Long-term projections are alarming. According to a recent study in The Lancet, a sharp decline in global aid could result in 22.6 million additional deaths by 2030 in 93 low- and middle-income countries, including 5.4 million children under five.

Inequalities Widen Access to Essential Care

Universal health care remains a distant horizon for billions of people. 1 in 3 people still lack access to quality care. This figure, from the WHO and World Bank, reveals the scale of the challenge. In 2022, 3 out of 4 among the poorest experienced financial difficulties due to health expenditures, compared to fewer than 1 out of 25 among the richest. Women and people who are poor, living in rural areas, or less educated reported encountering greater difficulties in accessing essential health services.

Debt is strangling national health budgets. In 2022, at least 48 low- and middle-income governments paid more to service debt to foreign creditors than they spent on healthcare for their populations. This financial contradiction illustrates the structural constraints weighing on health policies in the most vulnerable countries.

Dependence on foreign aid creates systemic vulnerability. Funds from foreign governments or intergovernmental agencies such as the World Bank covered more than 20 percent of health spending in 49 countries and were the main financing mechanism in 16 countries, exposing these health systems to geopolitical shocks.
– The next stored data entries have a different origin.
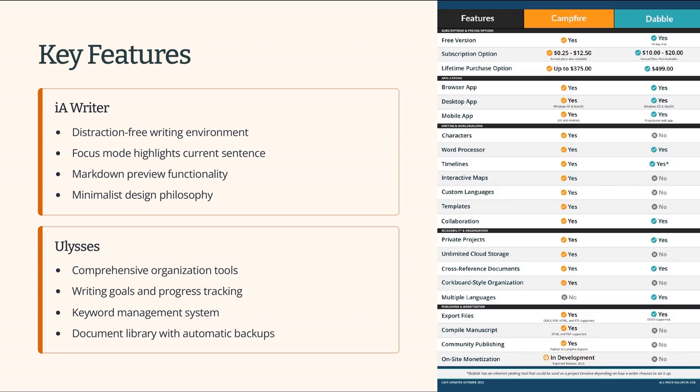Ulysses, on the other hand, provides a variety of features such as writing goals, keyword management, and a library to organize all your documents. It also includes an automatic backup feature, ensuring that your work is always safe.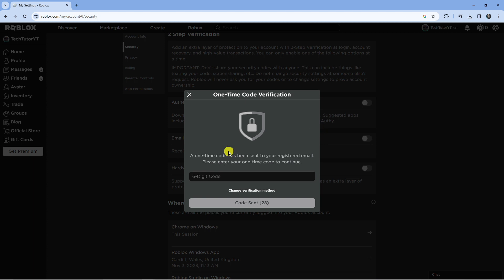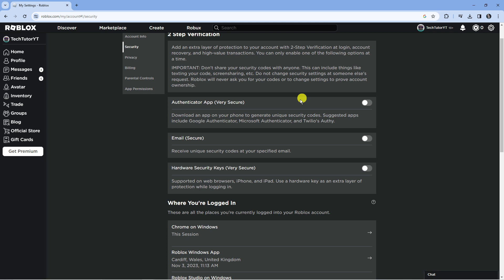What it's going to do is actually send a code to your registered email address just to verify that it is you turning off 2-Step Verification. So you just want to check your email and enter the code here.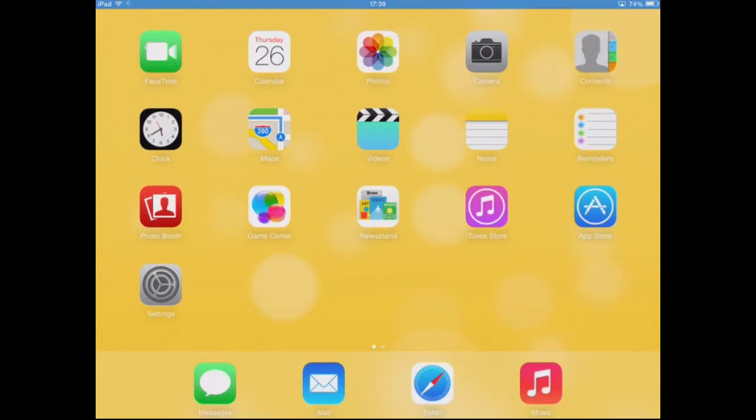Hi guys, today I'm going to be showing you how you can turn on or off multitasking gestures on your iPad using iOS 7.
Between Fragile Achievements and Persistent Challenges

Despite these difficulties, some progress deserves to be highlighted. Rates of HIV infection and tuberculosis incidence are declining, and fewer people need treatment for neglected tropical diseases. But malaria has experienced a resurgence since 2015 and antimicrobial resistance remains a public health problem.

Progress toward universal health coverage continues unevenly. Health service coverage, measured by the service coverage index for UHC, increased from 54 to 71 points between 2000 and 2023. However, the global rate of progress has slowed since 2015: only one-third of countries succeed in both expanding health coverage and reducing financial hardship. All WHO Regions have expanded service coverage, but only half have also reduced financial hardship.

The WHO calls for renewed international mobilization. “Together, we can achieve a world where data are more current and more accurate, where programs continuously improve, and where premature deaths become rare. By acting quickly and at scale, and by investing wisely, every country can make measurable progress,” emphasizes Dr. Samira Asma, Assistant Director-General for Data.

The window of opportunity is narrowing. Between the 1.4 billion people already in better health and the millions of others at risk of losing access to care due to lack of funding, humanity faces a challenge of solidarity whose outcome depends on immediate political decisions. “The sudden and unforeseen decline in aid has hit many countries hard, resulted in deaths, and called into question hard-won progress in health,” concludes Dr. Tedros Adhanom Ghebreyesus, WHO Director-General.